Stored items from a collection
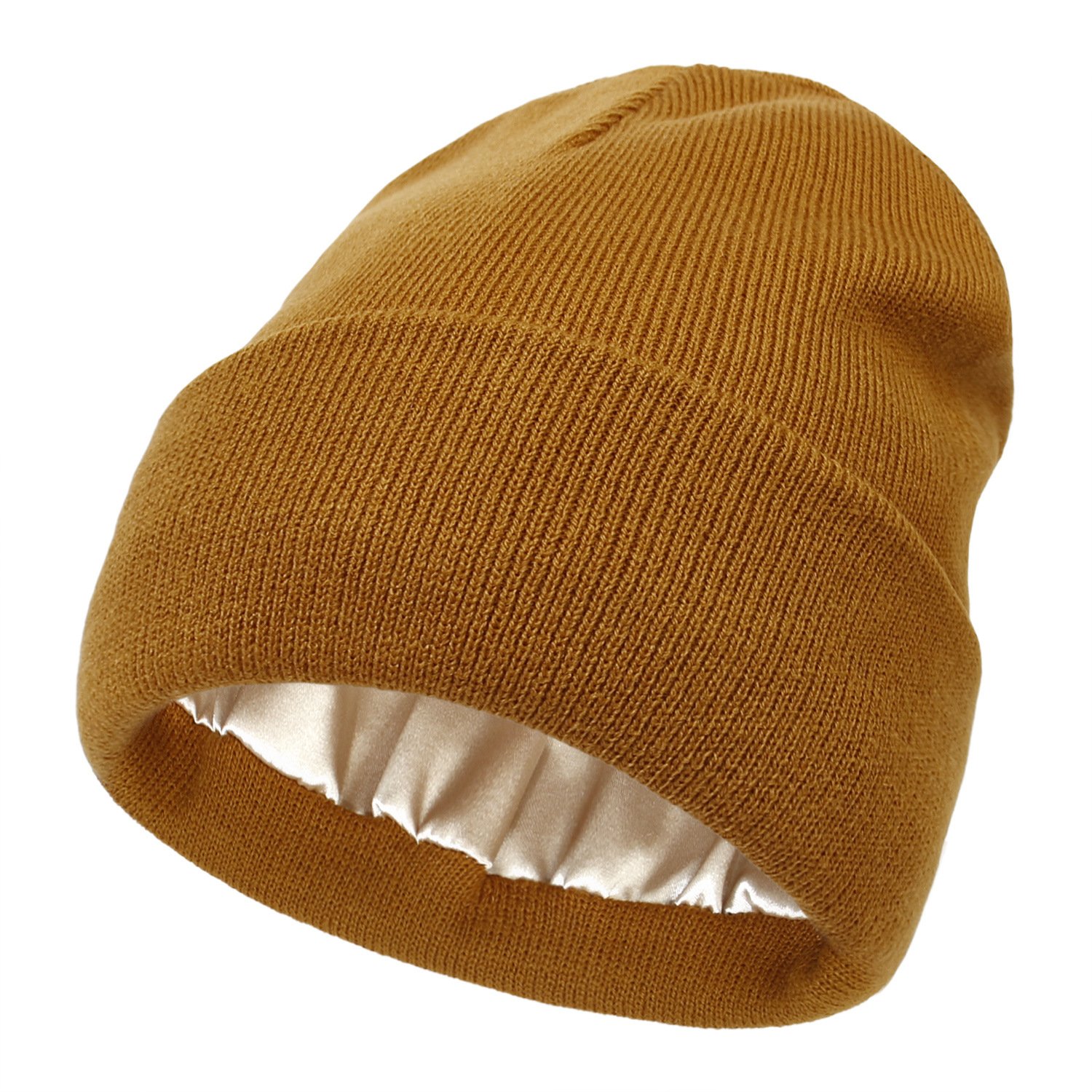 Satin Lined Knitted Beanie Cuffed Knit Hat Solid Knit Beanie Winter Warm Beanie Hats for Men Women Ski Cap Cuff Hat Custom Logo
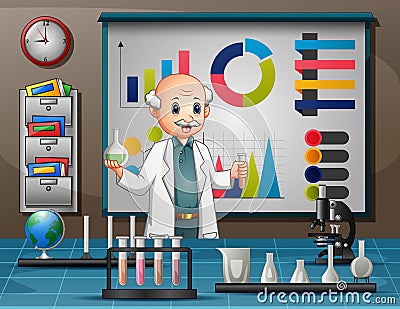 Scientist man conducting research in a lab Vector Illustration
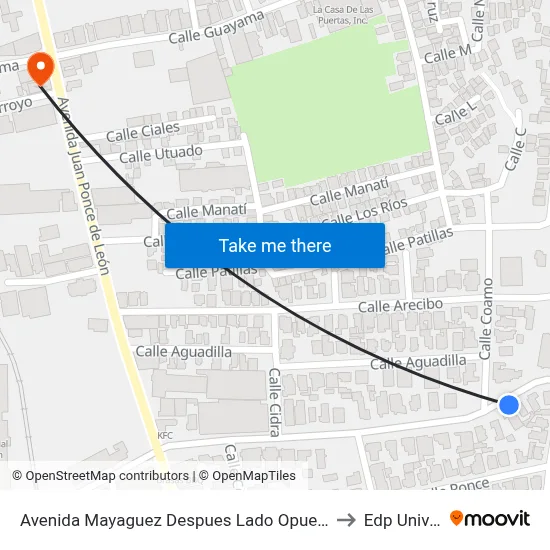 Avenida Mayaguez Despues Lado Opuesto Calle Coamo to Edp University map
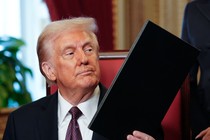 Donald Trump holds an executive order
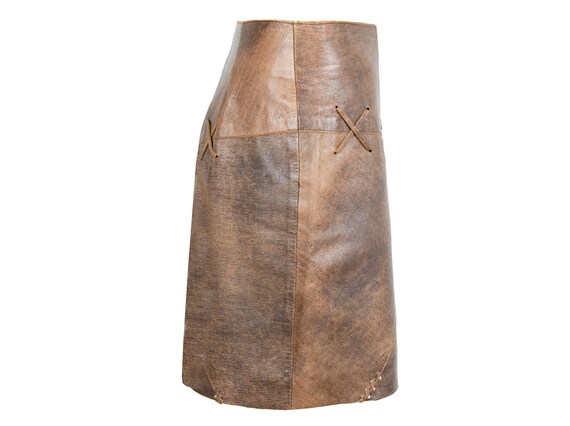 90s Ventcouvert raw hide leather mini skirt / Dec… - image 4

# Task item
Return the preceding entries verbatim, with the pictures excluded.

# Final answer
 Satin Lined Knitted Beanie Cuffed Knit Hat Solid Knit Beanie Winter Warm Beanie Hats for Men Women Ski Cap Cuff Hat Custom Logo
 Scientist man conducting research in a lab Vector Illustration
 Avenida Mayaguez Despues Lado Opuesto Calle Coamo to Edp University map
 Donald Trump holds an executive order
 90s Ventcouvert raw hide leather mini skirt / Dec… - image 4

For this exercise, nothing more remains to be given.